Water is densest at 3.98 °C (39.164 °F, 277.13 K). Consequently during Winter, the coldest layers of a deep lake, in a temperate climate, will be at the surface. During the Spring and Fall the average temperature of a lake will cross the temperature at which water is densest. At this point all the water in the lake can mix, replenishing the oxygen at the lake's bottom.

As the lake water's average temperature rises in the Spring the warmest layers is at the surface, below which is a boundary layer, the thermocline.
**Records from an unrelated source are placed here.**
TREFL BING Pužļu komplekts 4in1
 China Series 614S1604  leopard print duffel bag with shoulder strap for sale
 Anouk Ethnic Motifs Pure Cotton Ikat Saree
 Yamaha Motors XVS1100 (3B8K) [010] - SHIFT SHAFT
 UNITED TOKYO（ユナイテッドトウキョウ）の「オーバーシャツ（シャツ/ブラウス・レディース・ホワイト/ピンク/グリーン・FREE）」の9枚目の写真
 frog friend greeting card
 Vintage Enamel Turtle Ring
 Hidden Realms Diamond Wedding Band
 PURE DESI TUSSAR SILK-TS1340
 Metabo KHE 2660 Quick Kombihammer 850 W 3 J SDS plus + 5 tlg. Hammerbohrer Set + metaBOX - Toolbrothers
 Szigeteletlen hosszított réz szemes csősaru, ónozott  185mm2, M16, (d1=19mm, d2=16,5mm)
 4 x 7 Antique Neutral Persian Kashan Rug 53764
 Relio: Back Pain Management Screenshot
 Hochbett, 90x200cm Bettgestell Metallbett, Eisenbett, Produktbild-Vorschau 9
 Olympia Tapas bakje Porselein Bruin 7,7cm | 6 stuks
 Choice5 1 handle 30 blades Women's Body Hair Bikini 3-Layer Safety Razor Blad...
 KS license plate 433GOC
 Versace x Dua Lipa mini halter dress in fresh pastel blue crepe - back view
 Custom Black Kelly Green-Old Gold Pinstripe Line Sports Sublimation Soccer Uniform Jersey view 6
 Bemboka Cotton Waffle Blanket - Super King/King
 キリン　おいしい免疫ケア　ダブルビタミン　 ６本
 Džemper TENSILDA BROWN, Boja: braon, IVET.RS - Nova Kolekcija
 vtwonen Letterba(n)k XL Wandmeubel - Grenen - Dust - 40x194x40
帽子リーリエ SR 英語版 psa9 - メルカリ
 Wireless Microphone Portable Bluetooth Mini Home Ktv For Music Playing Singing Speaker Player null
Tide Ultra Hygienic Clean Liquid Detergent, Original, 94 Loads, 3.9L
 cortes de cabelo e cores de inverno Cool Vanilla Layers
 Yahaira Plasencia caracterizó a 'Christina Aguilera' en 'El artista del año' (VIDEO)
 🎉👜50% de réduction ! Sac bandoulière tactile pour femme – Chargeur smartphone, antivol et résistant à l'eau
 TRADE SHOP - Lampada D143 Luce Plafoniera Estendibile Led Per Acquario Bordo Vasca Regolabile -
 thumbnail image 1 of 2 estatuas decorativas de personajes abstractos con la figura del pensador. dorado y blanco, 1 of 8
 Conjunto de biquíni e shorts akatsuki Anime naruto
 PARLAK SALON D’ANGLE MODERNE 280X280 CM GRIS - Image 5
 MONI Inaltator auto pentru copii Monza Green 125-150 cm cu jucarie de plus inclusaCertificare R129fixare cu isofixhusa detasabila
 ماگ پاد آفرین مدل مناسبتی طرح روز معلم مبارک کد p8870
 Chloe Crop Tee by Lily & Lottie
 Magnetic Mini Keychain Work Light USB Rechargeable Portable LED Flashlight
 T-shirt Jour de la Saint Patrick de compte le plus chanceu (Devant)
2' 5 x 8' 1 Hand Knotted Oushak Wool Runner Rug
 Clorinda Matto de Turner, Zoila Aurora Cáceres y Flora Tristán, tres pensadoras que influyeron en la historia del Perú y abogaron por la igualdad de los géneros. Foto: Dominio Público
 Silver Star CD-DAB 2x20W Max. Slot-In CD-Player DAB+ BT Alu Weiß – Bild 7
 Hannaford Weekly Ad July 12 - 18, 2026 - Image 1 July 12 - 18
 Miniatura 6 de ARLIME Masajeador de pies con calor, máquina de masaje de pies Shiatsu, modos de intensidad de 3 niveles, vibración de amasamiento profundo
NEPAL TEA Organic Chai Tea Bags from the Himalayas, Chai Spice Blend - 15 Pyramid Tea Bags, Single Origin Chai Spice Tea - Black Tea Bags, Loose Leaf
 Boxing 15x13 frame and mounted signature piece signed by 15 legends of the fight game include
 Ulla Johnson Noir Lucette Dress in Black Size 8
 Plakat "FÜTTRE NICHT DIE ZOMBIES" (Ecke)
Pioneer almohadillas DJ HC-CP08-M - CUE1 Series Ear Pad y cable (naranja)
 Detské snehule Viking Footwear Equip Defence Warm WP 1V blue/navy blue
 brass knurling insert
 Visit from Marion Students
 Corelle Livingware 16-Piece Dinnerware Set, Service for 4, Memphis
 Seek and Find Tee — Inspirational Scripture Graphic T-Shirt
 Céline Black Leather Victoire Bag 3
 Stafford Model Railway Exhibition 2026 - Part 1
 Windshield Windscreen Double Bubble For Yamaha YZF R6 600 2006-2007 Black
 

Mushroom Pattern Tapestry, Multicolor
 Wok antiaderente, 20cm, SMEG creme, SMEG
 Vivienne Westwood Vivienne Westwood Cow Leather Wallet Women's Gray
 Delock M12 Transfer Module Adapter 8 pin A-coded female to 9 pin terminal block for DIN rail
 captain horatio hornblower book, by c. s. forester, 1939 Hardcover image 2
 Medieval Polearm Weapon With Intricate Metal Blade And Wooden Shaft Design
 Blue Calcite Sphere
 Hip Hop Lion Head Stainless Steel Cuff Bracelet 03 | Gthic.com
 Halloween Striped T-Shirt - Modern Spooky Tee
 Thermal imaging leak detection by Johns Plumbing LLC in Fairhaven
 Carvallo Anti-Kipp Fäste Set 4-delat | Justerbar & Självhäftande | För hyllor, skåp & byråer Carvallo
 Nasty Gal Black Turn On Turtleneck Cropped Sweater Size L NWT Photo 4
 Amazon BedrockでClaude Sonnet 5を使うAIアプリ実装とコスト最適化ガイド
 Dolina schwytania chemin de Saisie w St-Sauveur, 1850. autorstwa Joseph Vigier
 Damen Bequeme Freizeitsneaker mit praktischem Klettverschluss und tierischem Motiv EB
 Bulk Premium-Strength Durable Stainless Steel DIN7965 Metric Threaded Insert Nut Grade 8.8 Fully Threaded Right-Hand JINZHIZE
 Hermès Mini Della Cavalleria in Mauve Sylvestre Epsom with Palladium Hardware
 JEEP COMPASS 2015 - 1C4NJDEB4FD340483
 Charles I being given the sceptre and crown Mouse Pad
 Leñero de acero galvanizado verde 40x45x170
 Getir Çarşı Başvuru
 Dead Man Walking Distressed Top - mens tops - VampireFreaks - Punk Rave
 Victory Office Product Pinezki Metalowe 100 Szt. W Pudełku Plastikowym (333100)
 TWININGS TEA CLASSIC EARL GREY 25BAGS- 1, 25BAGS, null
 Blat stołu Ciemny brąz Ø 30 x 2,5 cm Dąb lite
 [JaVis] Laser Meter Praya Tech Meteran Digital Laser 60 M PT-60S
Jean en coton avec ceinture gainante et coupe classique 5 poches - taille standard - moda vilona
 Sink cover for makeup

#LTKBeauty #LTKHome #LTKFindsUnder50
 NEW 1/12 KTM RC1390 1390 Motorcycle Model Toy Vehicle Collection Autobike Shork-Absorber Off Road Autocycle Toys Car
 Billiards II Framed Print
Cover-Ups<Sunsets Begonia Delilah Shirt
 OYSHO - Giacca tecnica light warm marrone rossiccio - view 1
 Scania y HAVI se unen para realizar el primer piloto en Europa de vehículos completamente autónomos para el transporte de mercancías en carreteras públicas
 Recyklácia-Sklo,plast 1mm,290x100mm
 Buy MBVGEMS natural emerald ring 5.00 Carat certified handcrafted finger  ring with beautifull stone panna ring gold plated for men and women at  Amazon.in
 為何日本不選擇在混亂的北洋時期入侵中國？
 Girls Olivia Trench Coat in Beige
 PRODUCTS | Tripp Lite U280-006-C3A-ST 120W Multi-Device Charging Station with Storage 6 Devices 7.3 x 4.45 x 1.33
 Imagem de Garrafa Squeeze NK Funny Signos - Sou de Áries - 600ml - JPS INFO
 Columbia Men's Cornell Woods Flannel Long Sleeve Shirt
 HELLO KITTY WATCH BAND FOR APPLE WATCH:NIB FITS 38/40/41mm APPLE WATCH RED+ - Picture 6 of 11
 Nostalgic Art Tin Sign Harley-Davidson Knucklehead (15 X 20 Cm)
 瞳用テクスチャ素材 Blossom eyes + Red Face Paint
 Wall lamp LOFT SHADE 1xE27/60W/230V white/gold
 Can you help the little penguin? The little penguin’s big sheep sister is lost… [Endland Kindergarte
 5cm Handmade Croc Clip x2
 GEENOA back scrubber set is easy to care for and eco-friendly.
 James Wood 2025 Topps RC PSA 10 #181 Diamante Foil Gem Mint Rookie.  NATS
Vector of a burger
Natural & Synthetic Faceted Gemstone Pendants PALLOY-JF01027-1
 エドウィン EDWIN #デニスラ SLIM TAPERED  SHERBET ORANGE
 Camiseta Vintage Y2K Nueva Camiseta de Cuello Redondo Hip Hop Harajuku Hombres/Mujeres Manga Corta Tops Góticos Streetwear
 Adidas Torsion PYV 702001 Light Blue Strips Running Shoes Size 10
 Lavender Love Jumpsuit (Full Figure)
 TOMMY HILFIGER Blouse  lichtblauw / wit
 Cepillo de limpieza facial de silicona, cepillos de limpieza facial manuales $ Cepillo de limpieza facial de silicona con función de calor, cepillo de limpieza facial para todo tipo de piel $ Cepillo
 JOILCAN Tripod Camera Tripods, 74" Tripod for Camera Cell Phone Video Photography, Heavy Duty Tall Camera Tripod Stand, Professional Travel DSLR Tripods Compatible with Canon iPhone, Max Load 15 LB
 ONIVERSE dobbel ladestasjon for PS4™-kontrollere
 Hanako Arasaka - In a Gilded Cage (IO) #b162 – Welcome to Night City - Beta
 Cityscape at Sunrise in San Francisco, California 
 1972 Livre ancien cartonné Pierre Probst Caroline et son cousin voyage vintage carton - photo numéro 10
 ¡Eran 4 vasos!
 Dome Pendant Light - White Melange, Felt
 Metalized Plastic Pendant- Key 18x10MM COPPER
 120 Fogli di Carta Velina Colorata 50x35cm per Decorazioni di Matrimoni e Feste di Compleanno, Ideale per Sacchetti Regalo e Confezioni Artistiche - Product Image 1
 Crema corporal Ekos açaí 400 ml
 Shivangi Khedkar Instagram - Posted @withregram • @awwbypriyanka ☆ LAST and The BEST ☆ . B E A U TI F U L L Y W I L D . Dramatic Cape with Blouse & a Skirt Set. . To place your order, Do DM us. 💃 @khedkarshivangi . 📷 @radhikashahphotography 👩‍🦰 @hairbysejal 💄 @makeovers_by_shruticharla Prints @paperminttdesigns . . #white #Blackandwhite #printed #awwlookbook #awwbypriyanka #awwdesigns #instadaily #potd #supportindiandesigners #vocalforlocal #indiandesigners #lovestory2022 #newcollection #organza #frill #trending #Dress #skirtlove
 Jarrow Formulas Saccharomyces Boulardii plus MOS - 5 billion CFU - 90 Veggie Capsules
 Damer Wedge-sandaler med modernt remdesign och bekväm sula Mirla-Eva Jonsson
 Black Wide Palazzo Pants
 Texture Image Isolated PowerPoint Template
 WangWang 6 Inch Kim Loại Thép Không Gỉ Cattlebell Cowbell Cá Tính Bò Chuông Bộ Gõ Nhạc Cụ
And below there is a layer of water that will remain at 3.98 °C (39.164 °F) until fall.

The Cornell system

Cornell University in Ithica New York harnesses the reservoir of cool water in Lake Cauyga.[1] The Cornell system returns the heated waste water directly to Lake Cayuga.

The Toronto system

In 2004 the city of Toronto, Ontario, on Lake Ontario, initiated what has been described as the first large scale deep lake water cooling system.[1][2][3] In the Toronto system the inlet pipes for the city's domestic water supply was replaced with pipes that were 83 metres below the lake's surface. Before the water goes the city's water customers it goes through a heat exchanger which is used to cool buildings in the city's downtown core. The waste heat is not dumped back directly to the lake. The water, which is still cool enough for use in customer's domestic cold water, is returned to the lake, through the city's water system. But it is no warmer than if no deep lake water cooling was used.

Other potential sites

Africa's Great Lakes don't have a cool winter to build a reservoir of cool water, so they are not potential sites of this technology.

Geneva, Switzerland, on Lake Geneva, is considered a candidate.[4]

Chicago, Illinois is not near a deep portion of Lake Michigan.[4] If it were to use this technique the water inlet pipes would have to be 19 miles long.

Rochester, New York New York, also on Lake Ontario, has been cited as a potential site for the use of this technique.